There is a significant relationship between demographic characteristics and various domains of the general health of pedestrians and their behavior. Paying attention to this issue in policymaking and conducting further studies to identify other factors affecting pedestrian traffic behavior to prevent traffic injuries seems necessary.

1. Background

Traffic injuries are one of the top ten leading causes of mortality worldwide, and these injuries are the main cause of death among young people aged 15 to 29 (1). Such accidents result in 20 to 50 million non-fatal injuries, with many individuals experiencing disabilities as a result of these accidents (2). According to the World Health Organization (WHO) report, 1.25 million people lost their lives in traffic accidents worldwide in 2013 (1). Traffic accidents have a significant impact in terms of pain and suffering for the affected individuals - the victims, their families, and friends - and carry a substantial economic burden. It is estimated that traffic injuries will cost the global economy $1.8 trillion US dollars from 2015 to 2030, which is equivalent to an annual tax of 0.12% on the world’s Gross Domestic Product (GDP). Although low- and middle-income countries bear the highest health burden, their share of the economic burden of road injuries is only 46.4%, indicating their lower share in the global economy compared to high-income countries (2).

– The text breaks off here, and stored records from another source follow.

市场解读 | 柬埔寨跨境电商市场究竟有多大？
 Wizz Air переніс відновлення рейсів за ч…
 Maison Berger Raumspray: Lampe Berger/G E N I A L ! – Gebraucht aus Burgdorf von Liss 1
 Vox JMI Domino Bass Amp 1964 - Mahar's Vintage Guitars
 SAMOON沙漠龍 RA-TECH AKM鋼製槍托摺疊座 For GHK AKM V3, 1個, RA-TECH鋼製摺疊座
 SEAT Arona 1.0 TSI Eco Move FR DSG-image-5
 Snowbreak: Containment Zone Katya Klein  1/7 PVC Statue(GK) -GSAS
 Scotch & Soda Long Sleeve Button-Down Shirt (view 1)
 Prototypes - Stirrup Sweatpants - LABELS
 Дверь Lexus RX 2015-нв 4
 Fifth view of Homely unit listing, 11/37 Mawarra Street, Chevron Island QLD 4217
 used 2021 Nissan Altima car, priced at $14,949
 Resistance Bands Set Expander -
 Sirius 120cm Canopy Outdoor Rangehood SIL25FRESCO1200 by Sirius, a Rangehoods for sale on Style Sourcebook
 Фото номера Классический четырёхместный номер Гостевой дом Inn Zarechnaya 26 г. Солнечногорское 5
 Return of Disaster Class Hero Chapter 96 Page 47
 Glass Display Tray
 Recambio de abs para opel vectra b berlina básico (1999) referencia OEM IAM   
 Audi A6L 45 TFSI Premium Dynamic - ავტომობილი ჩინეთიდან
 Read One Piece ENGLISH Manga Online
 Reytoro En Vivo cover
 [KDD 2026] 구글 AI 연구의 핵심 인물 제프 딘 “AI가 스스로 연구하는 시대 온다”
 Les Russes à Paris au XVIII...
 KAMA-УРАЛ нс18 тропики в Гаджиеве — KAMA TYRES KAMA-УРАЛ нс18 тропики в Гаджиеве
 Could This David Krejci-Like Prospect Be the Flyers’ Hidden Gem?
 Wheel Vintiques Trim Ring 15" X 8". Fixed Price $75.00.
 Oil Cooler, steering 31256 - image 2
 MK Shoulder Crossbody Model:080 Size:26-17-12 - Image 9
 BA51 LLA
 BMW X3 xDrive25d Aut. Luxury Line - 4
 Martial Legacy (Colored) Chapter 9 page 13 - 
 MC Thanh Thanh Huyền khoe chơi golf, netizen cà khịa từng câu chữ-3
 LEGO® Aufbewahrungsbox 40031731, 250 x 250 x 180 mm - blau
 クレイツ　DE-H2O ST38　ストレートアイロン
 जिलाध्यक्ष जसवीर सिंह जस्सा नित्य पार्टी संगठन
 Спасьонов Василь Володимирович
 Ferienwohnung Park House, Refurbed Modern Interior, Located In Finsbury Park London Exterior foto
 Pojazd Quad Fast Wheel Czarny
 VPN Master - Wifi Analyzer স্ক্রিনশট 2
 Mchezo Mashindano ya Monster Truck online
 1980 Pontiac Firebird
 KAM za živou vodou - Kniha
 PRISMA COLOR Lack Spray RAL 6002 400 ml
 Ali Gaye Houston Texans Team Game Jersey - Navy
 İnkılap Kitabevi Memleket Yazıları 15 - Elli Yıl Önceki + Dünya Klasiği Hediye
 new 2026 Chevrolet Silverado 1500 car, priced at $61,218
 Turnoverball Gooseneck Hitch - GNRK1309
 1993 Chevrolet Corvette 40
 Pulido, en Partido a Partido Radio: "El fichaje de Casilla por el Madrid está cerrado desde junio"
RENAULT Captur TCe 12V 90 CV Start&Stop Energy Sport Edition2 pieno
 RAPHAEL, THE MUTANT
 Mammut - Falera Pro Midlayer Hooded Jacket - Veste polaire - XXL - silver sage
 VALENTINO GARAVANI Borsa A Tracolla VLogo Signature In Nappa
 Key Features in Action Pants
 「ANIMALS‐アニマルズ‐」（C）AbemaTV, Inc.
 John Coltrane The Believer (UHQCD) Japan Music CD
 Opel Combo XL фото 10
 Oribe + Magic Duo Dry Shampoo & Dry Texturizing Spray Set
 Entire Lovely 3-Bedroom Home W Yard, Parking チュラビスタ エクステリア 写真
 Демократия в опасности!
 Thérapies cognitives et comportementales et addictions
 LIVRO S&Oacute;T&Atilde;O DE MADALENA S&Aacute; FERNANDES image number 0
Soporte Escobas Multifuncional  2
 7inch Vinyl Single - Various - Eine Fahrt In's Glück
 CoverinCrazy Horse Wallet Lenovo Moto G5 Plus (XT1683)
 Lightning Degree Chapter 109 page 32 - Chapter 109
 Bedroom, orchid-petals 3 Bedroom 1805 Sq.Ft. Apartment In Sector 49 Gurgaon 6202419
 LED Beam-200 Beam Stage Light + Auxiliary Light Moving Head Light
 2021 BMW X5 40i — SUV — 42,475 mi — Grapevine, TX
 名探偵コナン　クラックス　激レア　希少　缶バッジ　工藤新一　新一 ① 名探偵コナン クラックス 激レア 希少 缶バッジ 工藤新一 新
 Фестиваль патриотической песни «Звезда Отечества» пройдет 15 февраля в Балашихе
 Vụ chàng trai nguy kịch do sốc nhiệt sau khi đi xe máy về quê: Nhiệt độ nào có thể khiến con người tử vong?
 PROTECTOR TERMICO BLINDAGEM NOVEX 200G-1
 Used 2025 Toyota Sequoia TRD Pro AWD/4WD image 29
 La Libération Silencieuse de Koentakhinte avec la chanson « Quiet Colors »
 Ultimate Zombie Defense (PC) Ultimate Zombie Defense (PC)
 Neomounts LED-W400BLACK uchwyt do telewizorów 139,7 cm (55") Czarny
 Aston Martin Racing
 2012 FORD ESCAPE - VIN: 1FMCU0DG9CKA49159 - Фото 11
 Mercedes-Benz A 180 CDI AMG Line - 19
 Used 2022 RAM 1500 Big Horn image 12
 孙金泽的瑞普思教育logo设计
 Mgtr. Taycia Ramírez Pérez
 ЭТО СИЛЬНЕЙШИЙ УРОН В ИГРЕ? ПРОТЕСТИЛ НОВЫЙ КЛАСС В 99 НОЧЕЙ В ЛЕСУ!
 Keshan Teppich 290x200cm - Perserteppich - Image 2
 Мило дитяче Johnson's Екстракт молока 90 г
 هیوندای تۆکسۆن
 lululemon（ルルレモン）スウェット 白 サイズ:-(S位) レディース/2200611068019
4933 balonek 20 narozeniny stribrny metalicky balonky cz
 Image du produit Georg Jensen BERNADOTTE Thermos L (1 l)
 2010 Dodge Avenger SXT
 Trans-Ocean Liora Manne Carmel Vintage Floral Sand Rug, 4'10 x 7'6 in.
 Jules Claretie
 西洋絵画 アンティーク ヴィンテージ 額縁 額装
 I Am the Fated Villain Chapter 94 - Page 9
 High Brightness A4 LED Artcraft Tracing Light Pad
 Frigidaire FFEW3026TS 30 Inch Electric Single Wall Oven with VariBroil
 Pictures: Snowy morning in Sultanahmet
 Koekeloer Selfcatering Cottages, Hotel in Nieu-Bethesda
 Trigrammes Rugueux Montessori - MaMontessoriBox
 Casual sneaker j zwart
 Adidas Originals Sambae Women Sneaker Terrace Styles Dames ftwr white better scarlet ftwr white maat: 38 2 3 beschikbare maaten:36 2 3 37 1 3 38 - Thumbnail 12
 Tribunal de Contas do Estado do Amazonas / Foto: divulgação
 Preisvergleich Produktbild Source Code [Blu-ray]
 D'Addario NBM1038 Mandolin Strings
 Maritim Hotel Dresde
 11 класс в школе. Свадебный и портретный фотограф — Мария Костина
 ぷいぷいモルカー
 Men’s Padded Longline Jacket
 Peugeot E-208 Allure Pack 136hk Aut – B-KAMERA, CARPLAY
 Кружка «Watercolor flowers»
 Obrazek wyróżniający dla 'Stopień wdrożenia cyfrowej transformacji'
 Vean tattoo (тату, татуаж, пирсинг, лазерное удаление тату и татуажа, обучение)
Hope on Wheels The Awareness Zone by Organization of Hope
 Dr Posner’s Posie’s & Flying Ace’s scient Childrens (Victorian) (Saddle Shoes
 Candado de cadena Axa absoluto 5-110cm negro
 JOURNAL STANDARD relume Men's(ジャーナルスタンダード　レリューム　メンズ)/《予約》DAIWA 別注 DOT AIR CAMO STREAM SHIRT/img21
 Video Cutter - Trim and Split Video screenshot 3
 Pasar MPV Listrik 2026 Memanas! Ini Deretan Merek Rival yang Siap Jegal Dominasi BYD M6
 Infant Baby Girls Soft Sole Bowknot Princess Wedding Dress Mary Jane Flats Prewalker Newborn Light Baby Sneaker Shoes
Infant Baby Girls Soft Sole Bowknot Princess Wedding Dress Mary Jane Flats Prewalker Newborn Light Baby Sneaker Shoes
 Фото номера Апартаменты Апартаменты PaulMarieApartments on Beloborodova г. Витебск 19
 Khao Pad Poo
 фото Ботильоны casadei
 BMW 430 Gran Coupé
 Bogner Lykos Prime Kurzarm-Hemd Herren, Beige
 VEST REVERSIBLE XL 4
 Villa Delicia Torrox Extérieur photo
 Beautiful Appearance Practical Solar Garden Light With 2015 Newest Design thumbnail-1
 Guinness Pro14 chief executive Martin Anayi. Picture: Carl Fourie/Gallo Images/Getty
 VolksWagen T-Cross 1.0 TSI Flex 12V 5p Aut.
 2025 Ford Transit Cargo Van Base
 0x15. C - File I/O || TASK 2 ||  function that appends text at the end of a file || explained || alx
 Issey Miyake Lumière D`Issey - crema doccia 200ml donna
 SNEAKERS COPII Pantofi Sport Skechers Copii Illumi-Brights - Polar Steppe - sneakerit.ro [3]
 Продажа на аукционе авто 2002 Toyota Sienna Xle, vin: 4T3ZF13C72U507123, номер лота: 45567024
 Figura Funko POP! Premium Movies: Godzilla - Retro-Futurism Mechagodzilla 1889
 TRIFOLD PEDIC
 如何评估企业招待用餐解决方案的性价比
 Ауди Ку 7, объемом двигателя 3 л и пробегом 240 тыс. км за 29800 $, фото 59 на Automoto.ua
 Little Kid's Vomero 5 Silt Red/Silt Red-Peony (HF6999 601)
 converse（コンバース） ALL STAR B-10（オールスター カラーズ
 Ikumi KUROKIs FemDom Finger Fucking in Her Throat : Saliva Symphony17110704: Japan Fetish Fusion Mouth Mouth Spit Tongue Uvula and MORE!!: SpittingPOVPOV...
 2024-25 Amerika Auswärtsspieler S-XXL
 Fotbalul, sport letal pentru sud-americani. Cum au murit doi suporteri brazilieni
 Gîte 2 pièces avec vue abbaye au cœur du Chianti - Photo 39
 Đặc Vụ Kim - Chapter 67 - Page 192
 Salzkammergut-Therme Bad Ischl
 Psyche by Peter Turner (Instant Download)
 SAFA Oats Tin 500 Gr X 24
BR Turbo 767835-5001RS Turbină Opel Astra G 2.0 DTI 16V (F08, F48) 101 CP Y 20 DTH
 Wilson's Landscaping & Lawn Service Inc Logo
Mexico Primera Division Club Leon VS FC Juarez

Motorcycle riders, cyclists, and pedestrians are the most vulnerable road users, especially in developing countries, due to a lack of protective equipment (3, 4). Studies have shown that approximately 45% of fatal traffic accidents in low- and middle-income countries are related to pedestrians (5), while only 18% of these injuries are attributed to pedestrians in developed countries (3). According to a report by WHO in 2009, 33% of traffic-related mortality in Iran is attributed to pedestrians (6), which is consistent with the findings of other local studies conducted on this subject (7). Unfortunately, in Iran, although the years of life lost index among male pedestrians has decreased from 2.5 in 2009 to 1.5 in 2013, during the same period, this index has increased from 0.9 to 2.1 among female pedestrians. Thus, most fetal traffic accidents among pedestrians occur in urban areas, among illiterate and married women, and during the day (8). Although fetal traffic injuries have decreased in the country in recent years (9), understanding the health and economic burden of these injuries and their distribution among different regions of the country is essential for policymakers (2).

Traffic injuries often have various causes. Many factors, including demographic characteristics, individuals’ driving skills, roads, environment, and vehicle conditions, and the traffic behavior of drivers and pedestrians, contribute to the occurrence of injuries (10). In general, unsafe behavior in traffic refers to actions that lead to accidents. Unsafe pedestrian behavior, in traffic studies, refers to behaviors that violate road traffic safety laws and regulations (11). According to studies, unsafe behavior of individuals, particularly pedestrians, is the primary factor in road accidents (11, 12).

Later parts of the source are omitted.